Amen. On another platform, I ended up mmapping and writing registers from userspace (which is obviously only useful when no interrupt handlers must be attached and the register word in question does not have any other functions that would require synchronized access). Implementing the proper kernel GPIO api (and device tree etc.) would have taken more than a week (this was a rather obscure PowerPC platform).
If you implement a GPIO controller driver using the gpiolib means that all other drivers and userland tools will be able to interface with you at no cost. If you write a device driver that uses a GPIO using the gpiolib means that you'll be able to use your driver even if the GPIO gets wired on an external I2C "expander" or something like that.

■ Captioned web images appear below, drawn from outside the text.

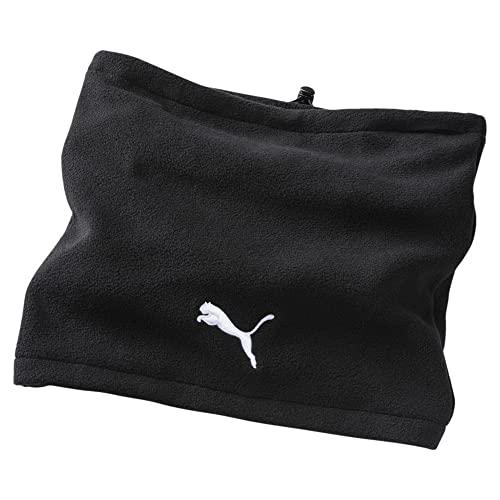 Puma Neck Warmer Ii, Scaldacollo Unisex-Adulto, Nero, Taglia Unica
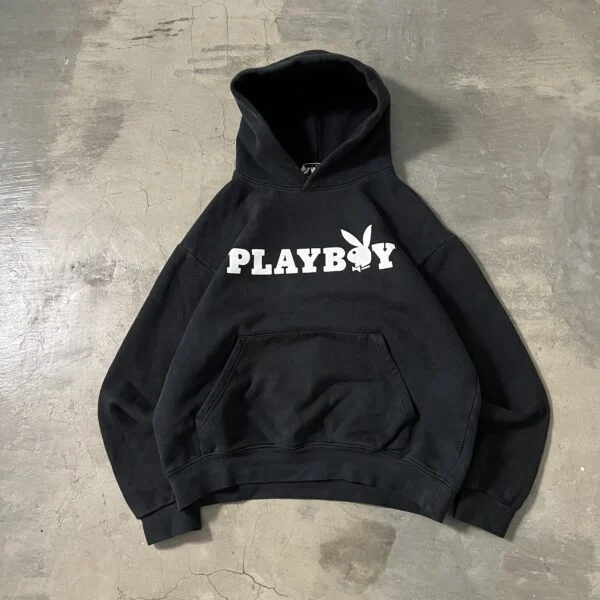Playboy Hoodie Vintage 2000s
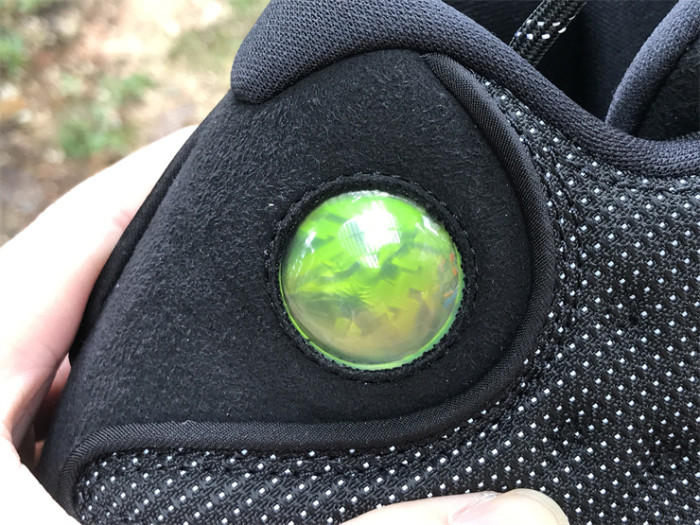 Authentic Air Jordan 13 “Black Cat”(restock)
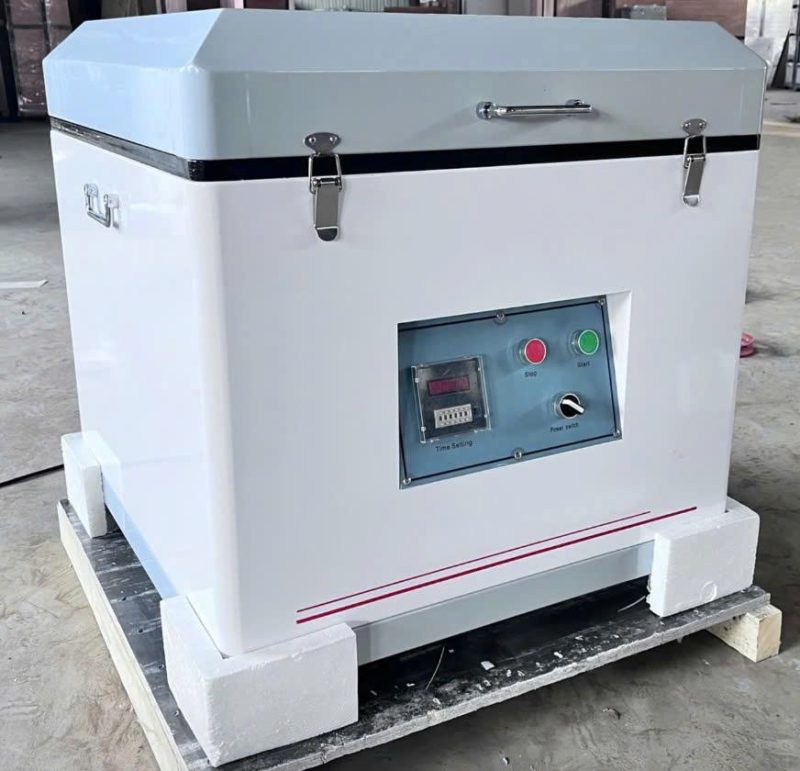 Máy mài mòn bề mặt gạch Ceramic LM-8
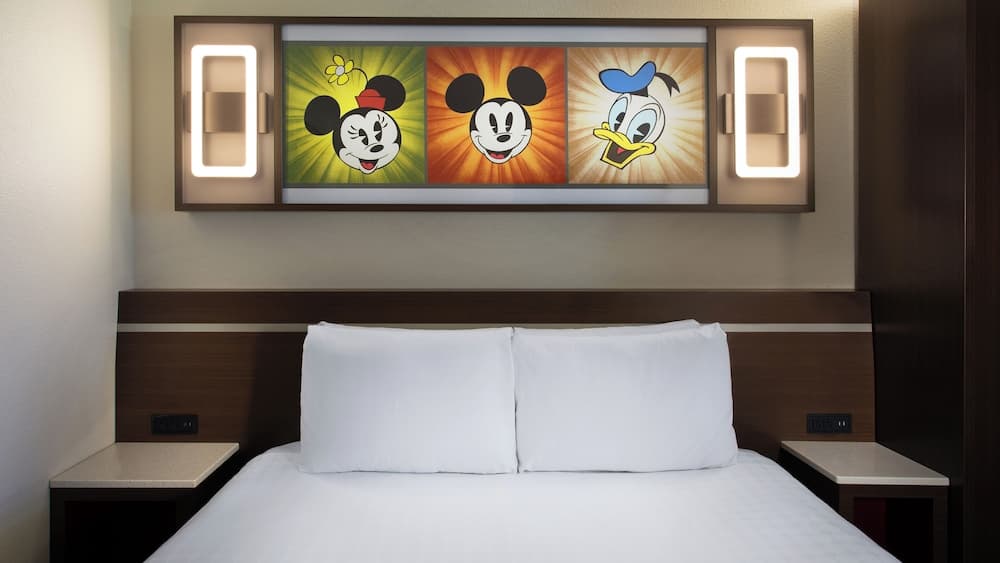 Disney's All-Star Movies Resort — 11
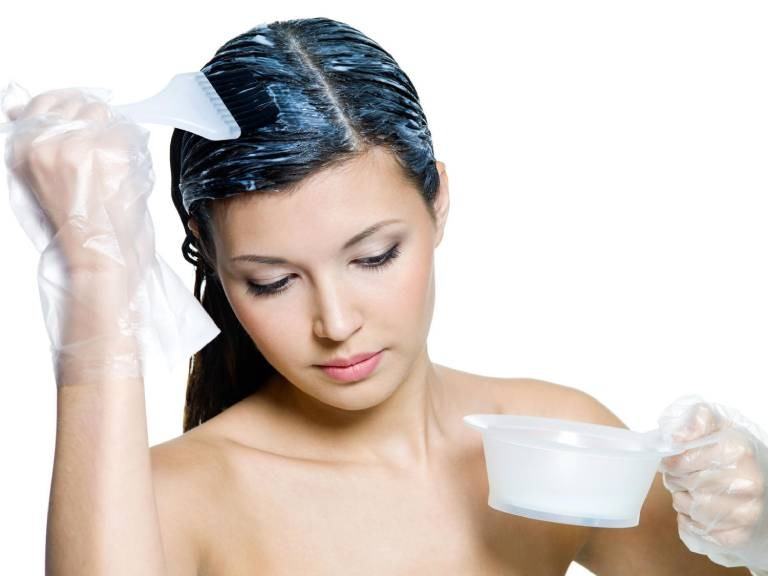 4 cách chăm sóc tóc nhuộm bền màu, chắc khỏe 54 Chăm sóc tóc nhuộm bền màu bằng cách bổ sung các dưỡng chất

Pushing your logic to the extreme one might as well get rid of the kernel and write on bare metal to make sure not to waste any CPU cycle or memory byte on a abstraction layer. What is a kernel in the end if not a set of standardized APIs?
It's true that there's some bloat in a few of the kernel's APIs (the video comes to mind, although I won't pretend I would be able to do it better) but that shouldn't be a reason to "always try to do without having to use all of these APIs". Unless you only write code that's only intended to be used on a particular software configuration on a single board without any possible evolution or reuse it's really asking for trouble in the long term.

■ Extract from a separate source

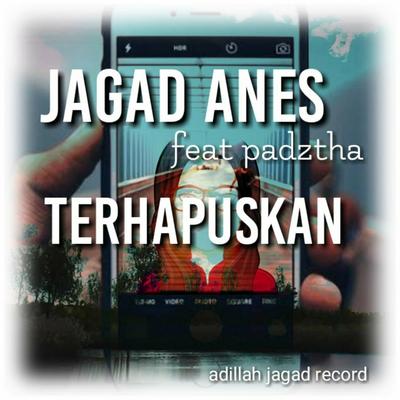 Terhapuskan By jagad ANES, PADZTHA's cover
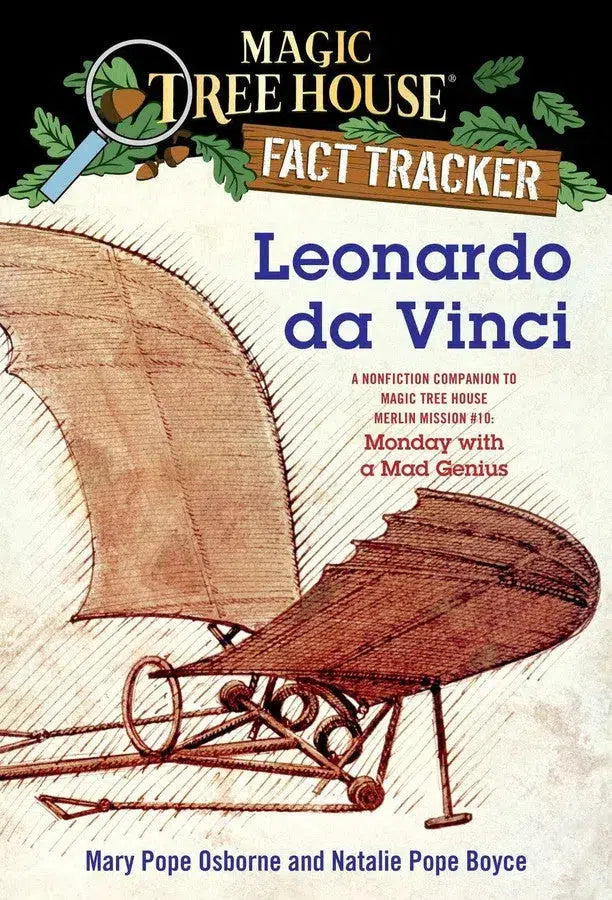 Leonardo da Vinci-Children’s / Teenage general interest: Art/ music/ drama and film-買書書 BuyBookBook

If I have to integrate a third party driver and I see that they use some custom made GPIO interface instead of the standard kernel API I'm going to be very annoyed.
If you use GPIOs for a couple LED, pin configuration and stuff like that it's perfectly adequate, and won't require a driver anyway. If your GPIO expander is on i2c then you clearly are not worrying about latency anyway, so gpiolib is just fine.

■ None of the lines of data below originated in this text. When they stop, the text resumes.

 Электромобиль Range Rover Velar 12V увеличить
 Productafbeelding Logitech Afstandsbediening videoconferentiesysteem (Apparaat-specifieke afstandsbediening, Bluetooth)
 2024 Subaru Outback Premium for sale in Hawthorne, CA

If you make a driver to use the gpios for more critical time sensitive things (overcurrent/thermal protections and that sort of things, or bitbanging), and then realize that actually, it's pretty crap and you'd be better off mmaping /dev/mem and poke at the registers directly from userland to get the performance/latency that is needed, your driver was a waste of time if you went that way first...
Unlike Linux user space, the Linux kernel space has support for interrupts. The first example in this article demonstrates how you can write an LKM that uses GPIOs and interrupts to achieve a faster response time than is possible in user space.
I've written a JSON-RPC API which can be used to interact with GPIOs. Currently I set/get a GPIO using sysfs. During handling of a request the operations on sysfs take most of the response time, far more time than parsing the request and writing the result to the client. How could I speed up the GPIO interaction with a LKM?